The amendments to PIE propose to take away the rights that currently protect land occupiers.
Farmworkers, small-scale farmers, and residents of informal settlements in the Boland region of the Western Cape joined urban land organisations and activists in rejecting the proposed Prevention of Illegal Eviction and Unlawful Occupation of Land Amendment Bill at a speak-out in Robertson on Friday. The Department of Human Settlements has been conducting hearings around the country, allowing residents to comment on the bill. Elitsha has covered hearings in Cape Town and KuGompo City. Last week, Abahlali baseMjondolo protested against the bill and called on the government to deal with the housing crisis instead.
Organised by the Trust for Community Outreach and Education (TCOE), the participants unanimously rejected the bill, saying that the amendments do not improve the existing bill. They say that the proposed bill takes away the rights they currently have under the current bill, which includes freely organising around land occupation, the requirement that a landowner obtain a court order for an eviction to be carried out, and the right to suitable alternative accommodation.
Boyce Tom from TCOE said that the bills form part of “the new forms of dispossession that are being facilitated by government in the interest of capital”. Tom said that the bill is just another way the law is being used to tighten the government’s grip on the landless. “The current bill affords the occupiers with suitable alternative accommodation, but the proposed bill wants to do away with the suitability part and proposes that any accommodation is suitable,” he said.
Activist lawyer, Nathi Mjenxane from Henk Smith & Associates, said that the amendment goes further than just to criminalise those who organise to occupy land for financial gain, but also those who occupy land for shelter. “This would also criminalise the assembling of people with the purpose of occupying land.
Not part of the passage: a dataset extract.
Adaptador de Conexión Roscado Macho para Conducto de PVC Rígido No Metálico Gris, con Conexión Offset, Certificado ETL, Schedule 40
The proposed bill also states that the occupiers would have to get the consent of the landowner. We must say no,” he said.
Matheko Mohobo from Spookytown, an informal settlement in Rawsonville, said that the area where she is from was created as a result of evictions.”When elderly women farmworkers were no longer of use to the farmers, they were dumped in the area, and that is how the informal settlement was established,” she said.
“Farmworkers continue to be evicted and people continue to be dumped in the area. The proposed bill is intended to take the small rights that we have under the current bill. It strips us of all the rights that we have and wants to leave us with nothing,” she said.
Small-scale farmer and member of both Mawubuye Land Rights Movement and Rural Women’s Assembly, Elsie Sauls, said that the majority of residents of Nkandla informal settlement were farmworkers evicted from the Ashton area. “For them to put their shacks they need to bribe the Red Ants security guards. If you don’t pay, you get evicted from there as well,” she said.
Sauls told Elitsha that she uses the land near the informal settlement to plant crops as her late father once did. Her father planted and used the land for more than 40 years but when she inquired about the possibility of getting a lease of the land from the municipality, she was told that it is privately owned and they could not provide the name or contact details of the owner. “I have been using the land for more than 25 years but there has never been a board to indicate that the land is private. It is only when I wanted to get a lease that I was told that the land belongs to a private individual,” she said
The groups will make a formal submission before the cutoff date of 16 June and the revised bill is expected to be taken to cabinet in July.